Transcribe the listing below verbatim, omitting pictures.

** Stored data **
***
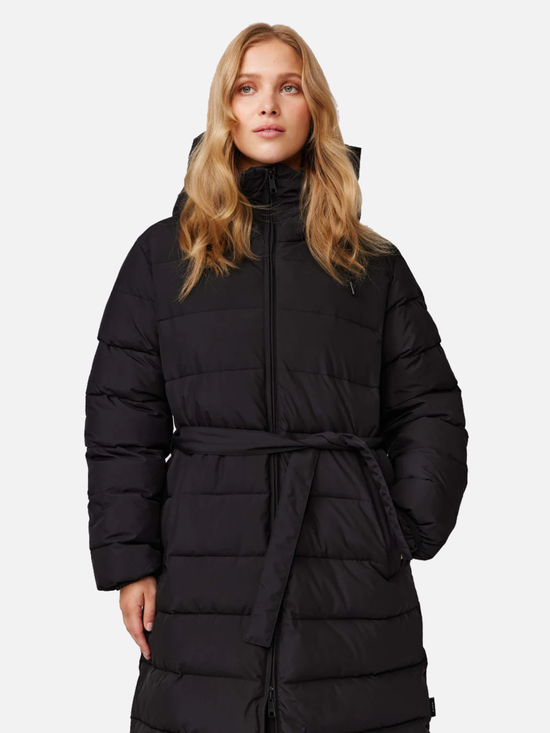 MAKIA Freja Coat Black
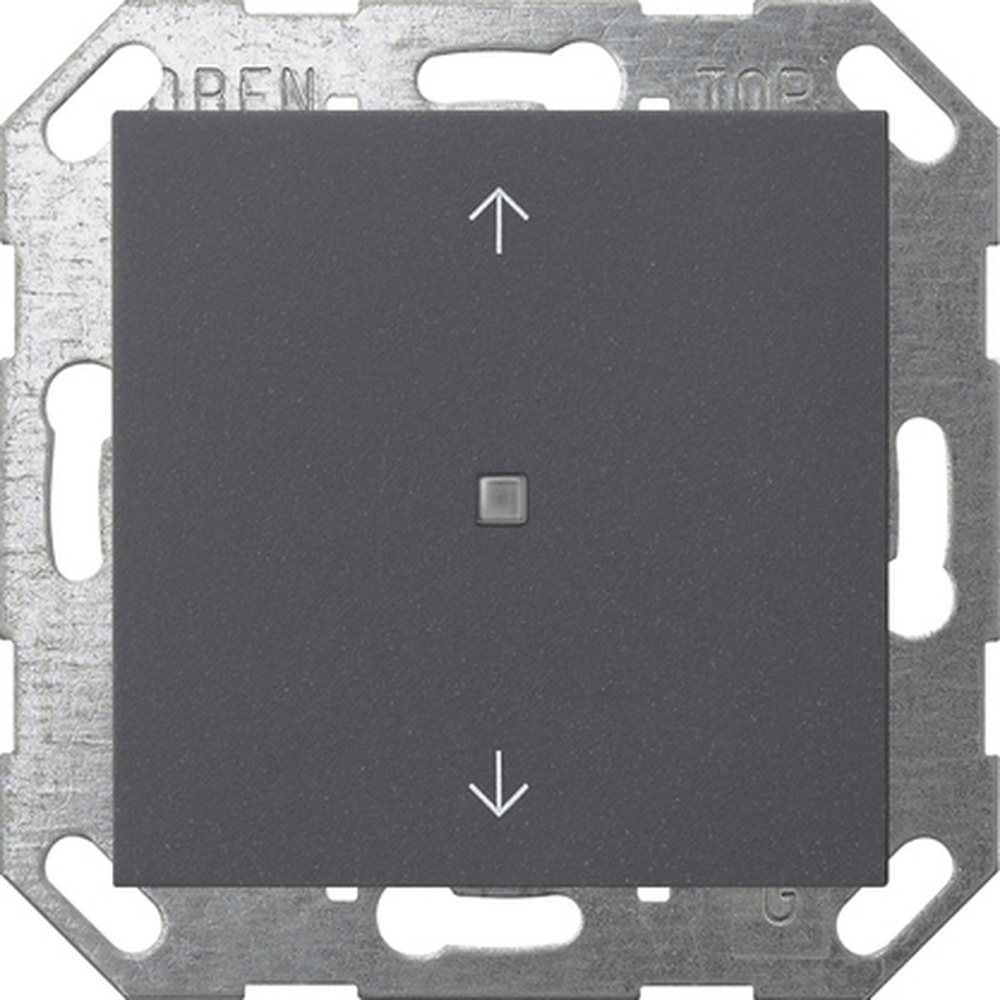 Gira KNX Taster Wippe 1fach 517228
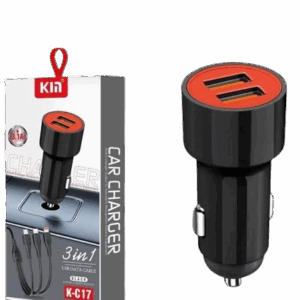 KIN K-C17 Car Charger with Cable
***
** Reply **
 MAKIA Freja Coat Black
 Gira KNX Taster Wippe 1fach 517228
 KIN K-C17 Car Charger with Cable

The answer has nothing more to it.